Leur premier-né, Jean Baptiste Paschal, venu au monde un peu plus de neuf mois après leur union, ne vécut que cinq ans et huit mois.

 Jacques fut le second. Il naquit au printemps 1820. Tout juste quatre ans plus tard, Clotilde Désirée montra son petit nez.


Un couple sans histoire, comme tant d’autres : Marie Clotilde, journalière, Paschal, tisserand.
La vie leur avait-elle enlevé leurs rêves ?

Paschal G décéda en 1848, à presque soixante-neuf ans en son domicile, boulevard de Crosne à Louviers. Six mois plus tard, Marie Clotilde ferma les yeux pour ne plus les réouvrir, dans le logement qu’elle occupait, rue Saint-Germain, depuis son veuvage. Elle n’avait que soixante-cinq ans.

La lignée de Paschal et Marie Clotilde prit fin après leurs enfants.

En effet, Jacques, malgré ses deux mariages, décéda en 1873, âgé de cinquante-trois ans, sans avoir eu d’enfant. Il était responsable du bureau de l’octroi qui se situait route de Rouen à Louviers.
Etait-ce avec la dot de rosière de sa mère, mise précieusement de côté, qu’il avait pu s’acheter cette charge ?

Clotilde Désirée, quant à elle, elle ne se maria jamais. Toute sa vie, pour « gagner son pain » ; elle effectua des travaux de couture. Seule et à la limite de l’indigence, elle avait obtenu un logement à l’hospice de Louviers, rue Saint-Jean. Ce fut dans cet établissement qu’elle expira en 1877, au même âge que son frère.

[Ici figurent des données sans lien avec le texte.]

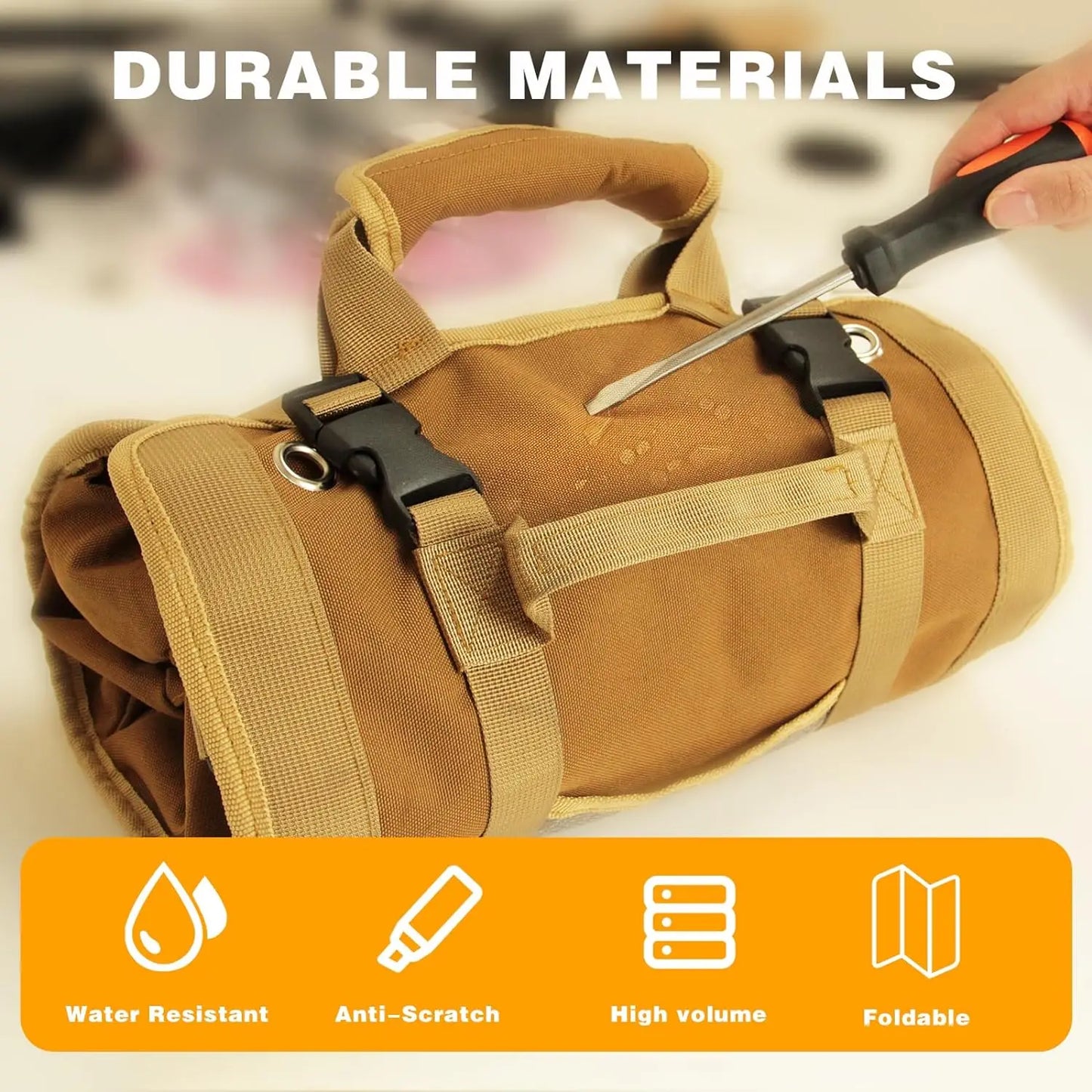 Rolling Tool Bag Storage Bag, Gift for Him, Heavy-Duty Motorcycle Tool Roll Bag Storage Bag, Portable Rolling Tool Bag with Removable Pouch - Suitable for Dad, Machinery and Electricians for Men
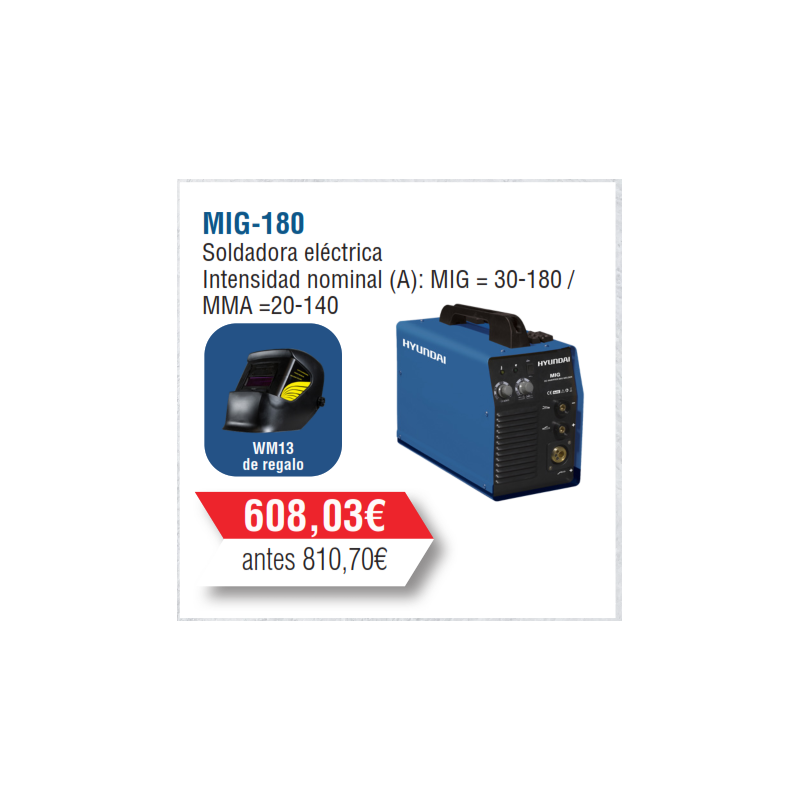 Soldadora Eléctrica MIG 180  HYUNDAI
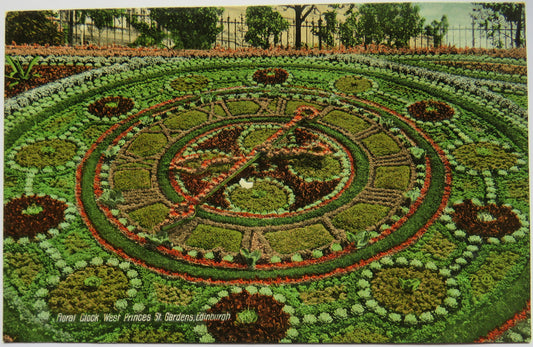 Vintage Postcard of Floral Clock, West Princes St. Gardens, Edinburgh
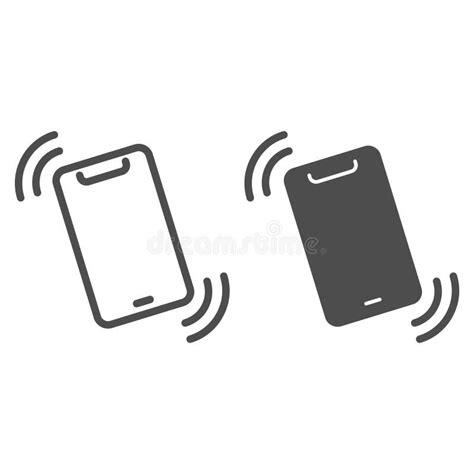 Vibration Alert in Smartphone Line and Solid Icon, Smartphone Concept, Mobile Call Sign on White ...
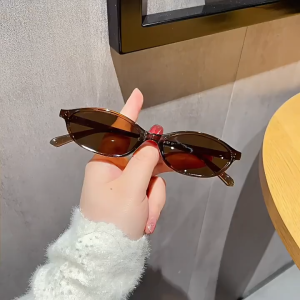 PL-H047 Kacamata Hitam Fashion Oval Retro Korean Look Sunglasses Vintage Fashion Wanita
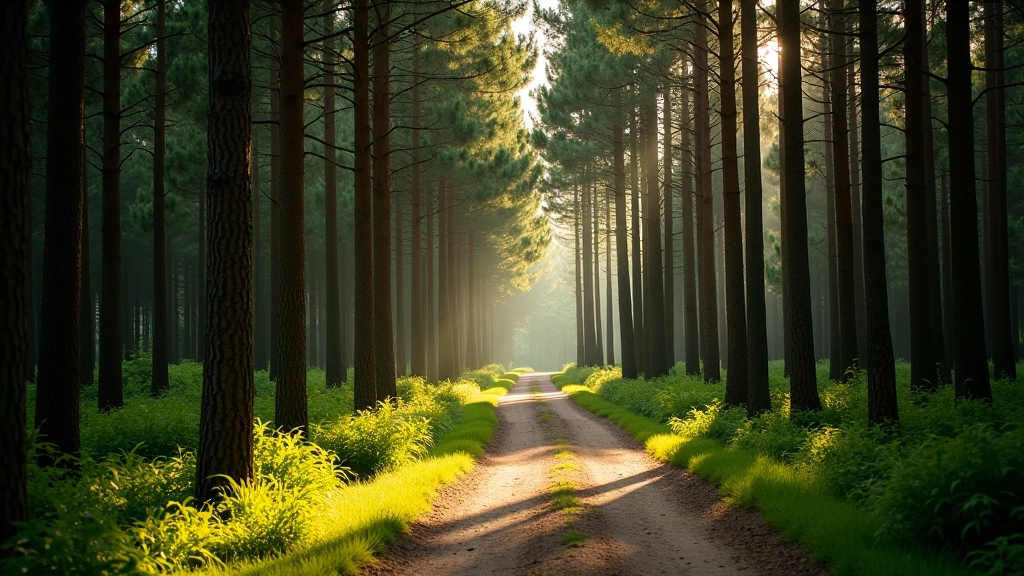 Forest path with dappled sunlight filtering through pine trees near Rīga region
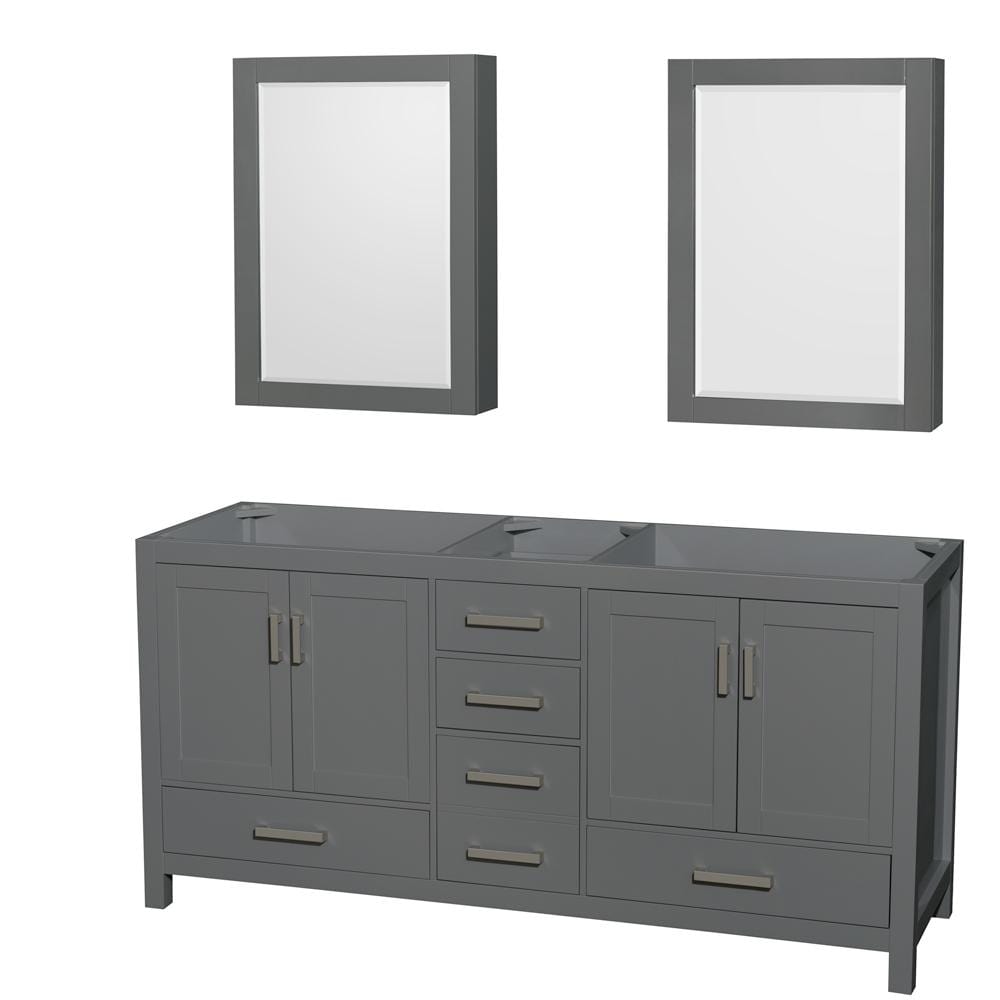 Wyndham Collection Vanity Wyndham Collection WCS141472DKGCXSXXMED Sheffield 72 Inch Double Bathroom Vanity in Dark Gray, No Countertop, No Sink, and Medicine Cabinets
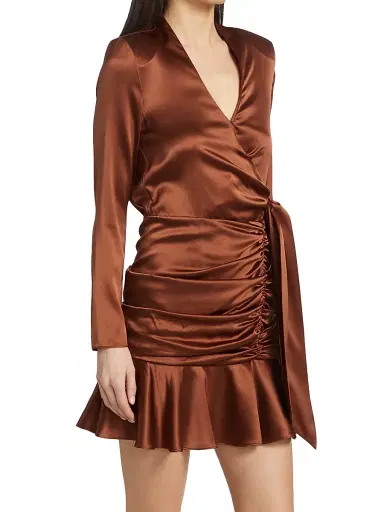 Veronica Beard Women's Agatha Silk Satin Wrap-Effect Dress | Thumbnail 4 Veronica Beard Women's Agatha Silk Satin Wrap-Effect Dress | Thumbnail 4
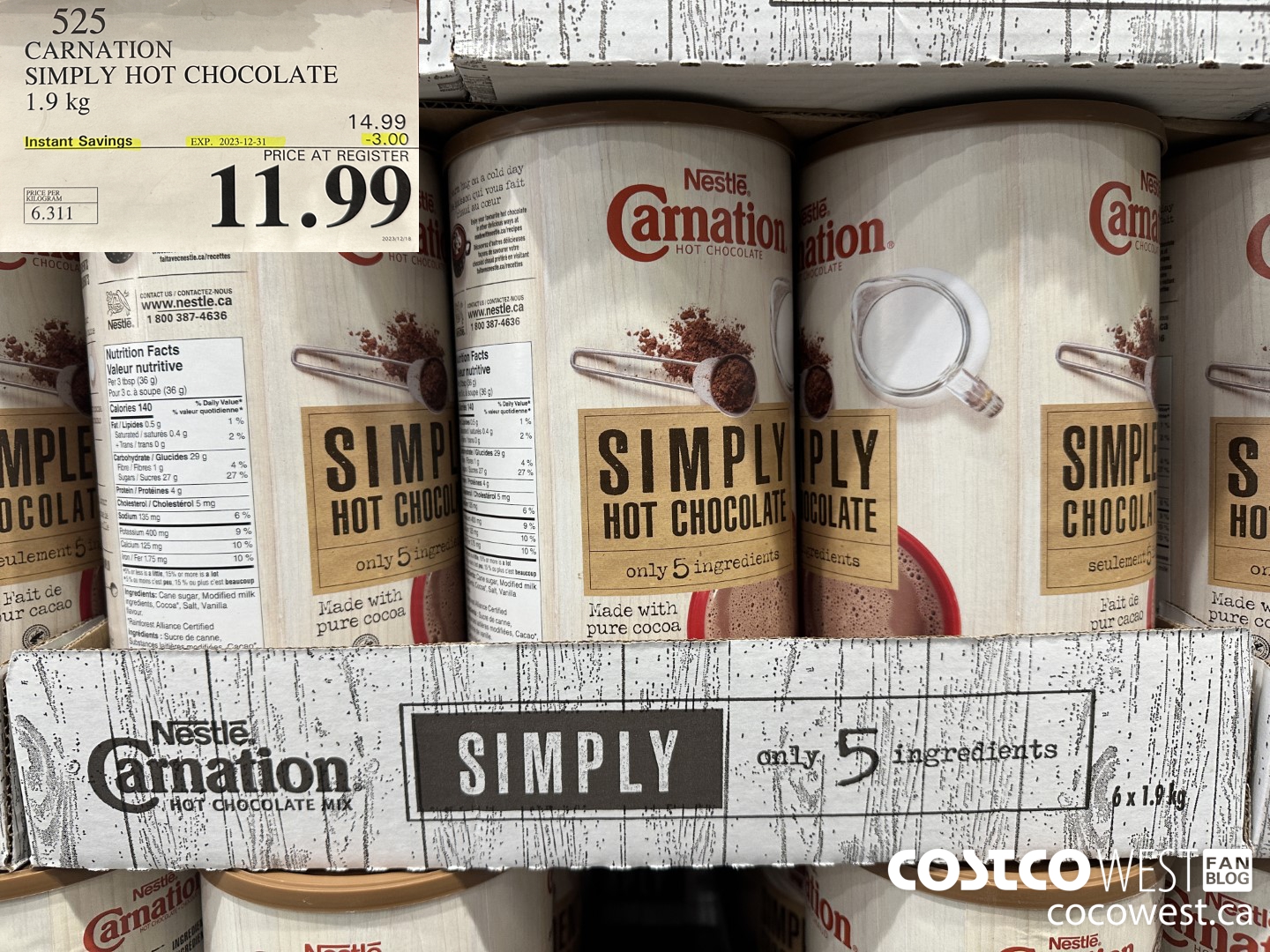 525 CARNATION 5 SIMPLE INGREDIENTS HOT CHOCOLATE 1.9 kg ($3.00 INSTANT SAVINGS EXPIRES ON 2023-12-31) $11.99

[1] Cette bataille fut suivie du traité de Tilsit (7 juillet 1807) apportant momentanément la paix. Tous les territoires à l’ouest de l’Elbe formeront alors le Royaume de Westphalie dont Jérôme Bonaparte deviendra le monarque. Mais il ya avait un autre foyer de combats à mener, la Campagne d’Espagne, où la France s’enlisait.
[2] Termes du rapport de la réunion.